Entre deux piliers de béton grossièrement colmatés, le surréalisme des robes d'Elsa Schiaparelli répond au modernisme d'un placard Le Corbusier: après trois ans d'imbroglio politico-juridique, le Musée du design et de la mode (MUDE) de Lisbonne sort enfin des caisses pour une avant-première.

Dans un édifice désaffecté de plus de 12 000 m2, siège de l'ancienne Banque nationale d'outre-mer, en plein coeur de la Baixa lisboète, 170 pièces emblématiques du design et de la mode du XXesiècle sont exposées jusqu'au 11 octobre.

 

Squelette de béton portant les stigmates de la démolition de ses luxueux aménagements, le bâtiment, autrefois symbole de la puissance de l'Empire portugais, n'a sauvé du temps de sa splendeur qu'un immense comptoir circulaire en marbre noir et vert, devenu élément central d'une mise en scène qui favorise le dialogue entre objets, époques et créateurs.

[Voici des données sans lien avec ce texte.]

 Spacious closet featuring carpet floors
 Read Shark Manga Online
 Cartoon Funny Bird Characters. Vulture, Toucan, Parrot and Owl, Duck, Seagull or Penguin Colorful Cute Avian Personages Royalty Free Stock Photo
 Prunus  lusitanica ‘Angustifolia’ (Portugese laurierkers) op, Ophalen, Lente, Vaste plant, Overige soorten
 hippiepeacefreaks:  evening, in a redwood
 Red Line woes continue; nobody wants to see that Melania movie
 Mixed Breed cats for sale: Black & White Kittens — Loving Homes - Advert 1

De part et d'autre du comptoir, la fonctionnalité épurée de la chambre d'étudiant créée en 1956 par le duo Perriand/Le Corbusier s'oppose à l'explosion de couleurs du sofa en peluches des jeunes designers brésiliens Fernando et Humberto Campana.

«Pour cette avant-première, nous avons sélectionné des pièces, non en fonction de leur valeur ou de leur rareté, mais en fonction de leur impact sur les mentalités, l'image du corps, la conception de l'habitat et la notion même de design», explique la directrice du MUDE, Barbara Coutinho.

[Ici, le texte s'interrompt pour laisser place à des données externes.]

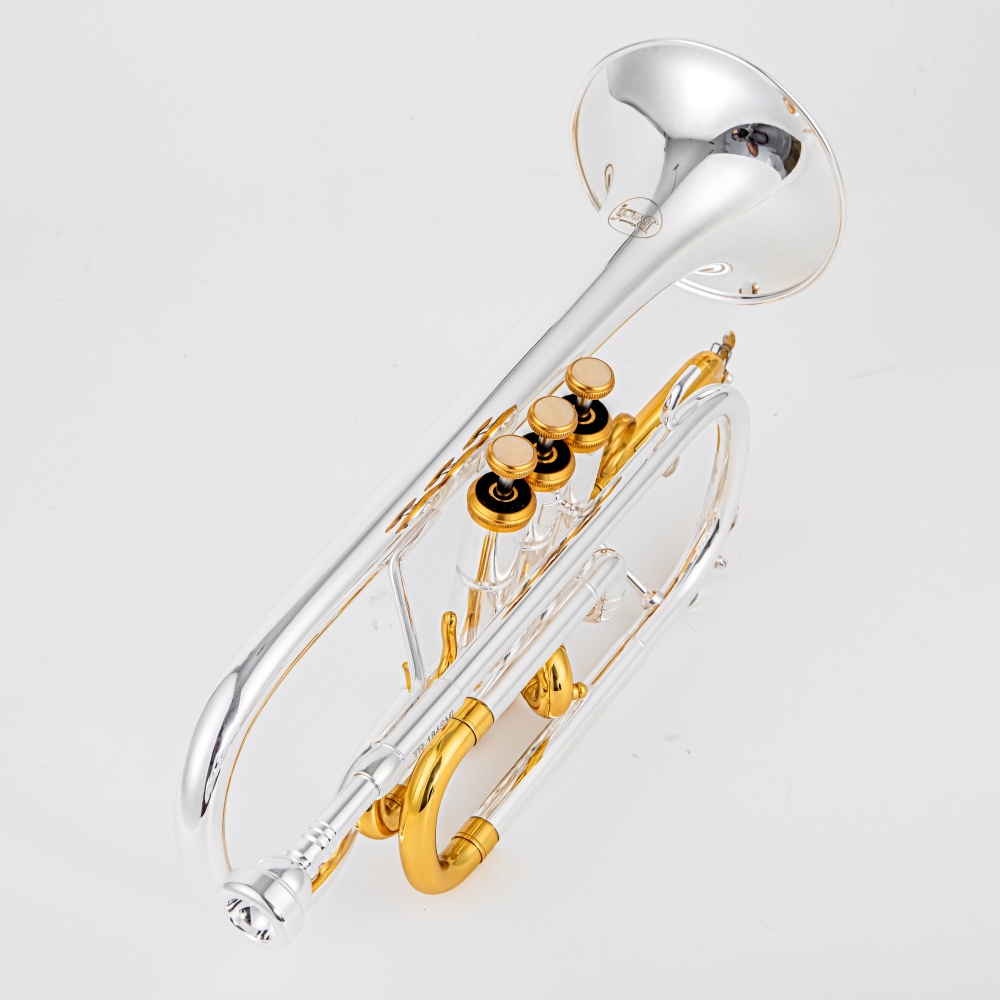 Trompeta Cornet Bb de Alta Cal - Musical Instrument Cornet reseña y precio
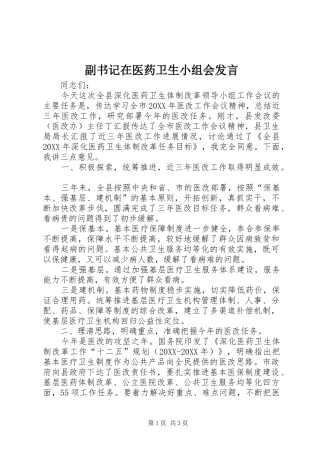 2024年副书记在医药卫生小组会讲话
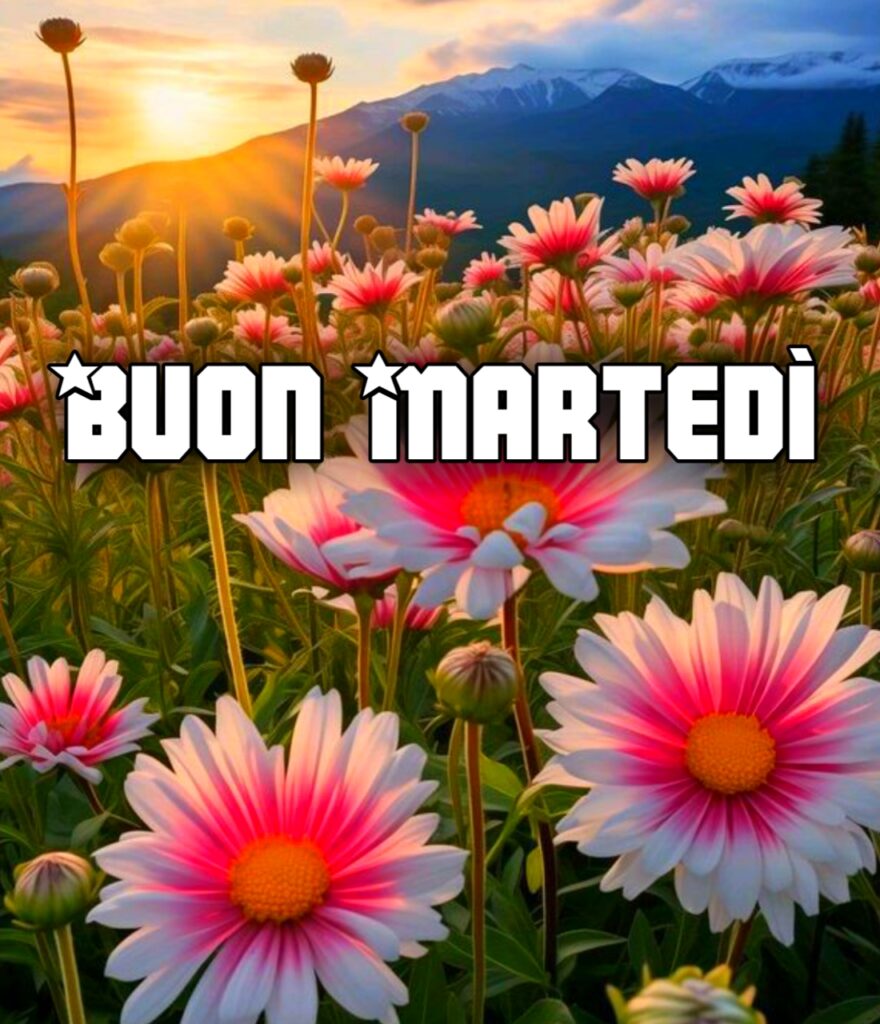 Buon Martedi Grasso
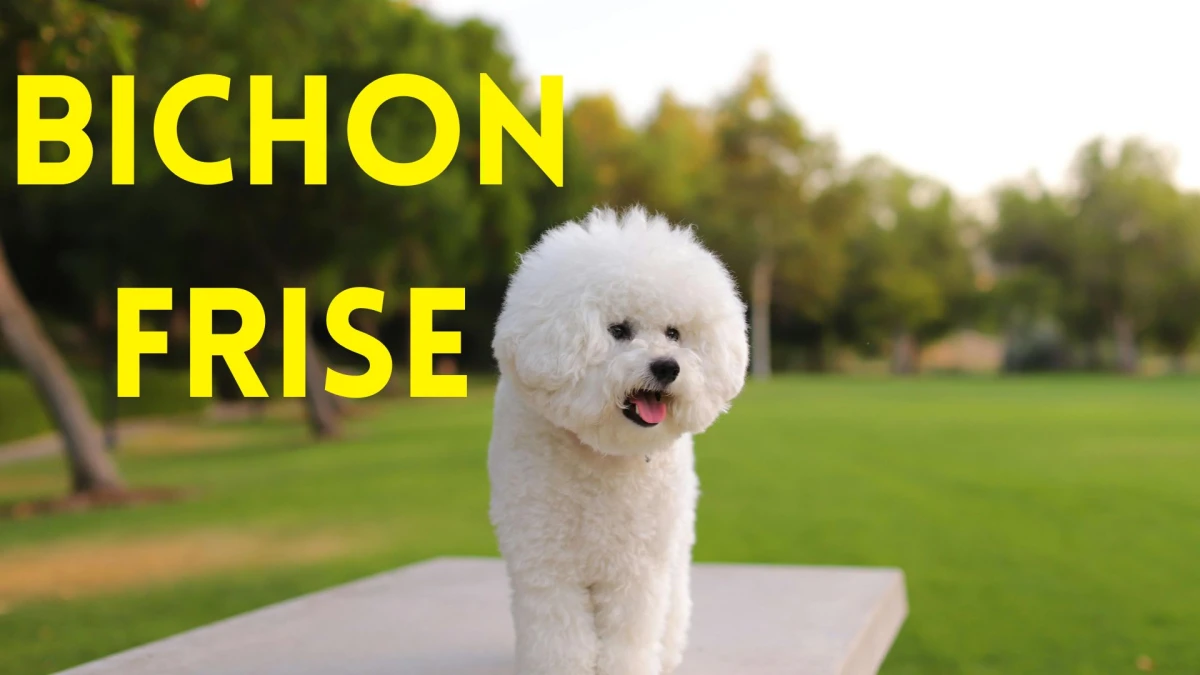 Top 10 Small Dog Breeds to Know About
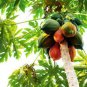 Ceylon Papaya Seeds Pawpaw seeds Organic Heirloom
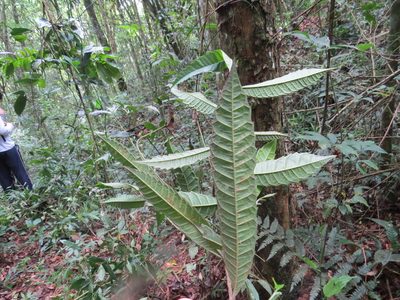 Sorocea bonplandii, photographed by Victor Farjalla Pontes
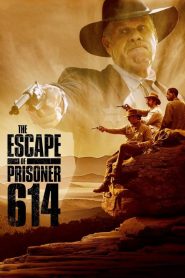 فيلم The Escape of Prisoner 614 مترجم DVD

Chaque espace est minutieusement scénarisé, contextualisé à l'aide de musiques, images ou films d'époque.

La chaise Classic de Hans Wegner (1949) est exposée face à un écran diffusant le premier débat télévisé Nixon-Kennedy de 1960 pour lequel elle avait été sélectionnée. Plus loin, le tailleur new-look de Christian Dior côtoie une Vespa «dans le même optimisme postguerre», explique le président du conseil de gestion du MUDE, Francisco Capelo, dont la collection achetée par la ville de Lisbonne en 2002 est à l'origine du musée.

Si l'exposition présente une infime partie de cette collection riche de 2500 créations des plus grands noms du design et de la mode, l'ouverture encore symbolique du MUDE constitue un «moment très spécial», reconnaît Barbara Coutinho, directrice d'un musée fantôme, depuis la fermeture «provisoire» en 2006 du premier musée du design de Lisbonne.

Depuis lors, le sort de la collection Capelo a fluctué au gré des changements politiques et en 2007, un premier projet d'installation tourne court, la vente de l'immeuble étant annulée en justice.

Aussi, quand en décembre 2008, la municipalité vote enfin l'attribution d'un bâtiment au MUDE avec l'objectif de redonner vie au coeur déserté de Lisbonne, Barbara Coutinho refuse d'attendre plus longtemps.

Sans calendrier pour des travaux de réhabilitation et redoutant de «nouvelles indécisions» en cette année électorale au Portugal, «nous avons opté pour une stratégie d'occupation de cet espace, décadent c'est vrai, mais qui nous émerveille chaque jour», explique en souriant la jeune femme à la détermination inébranlable.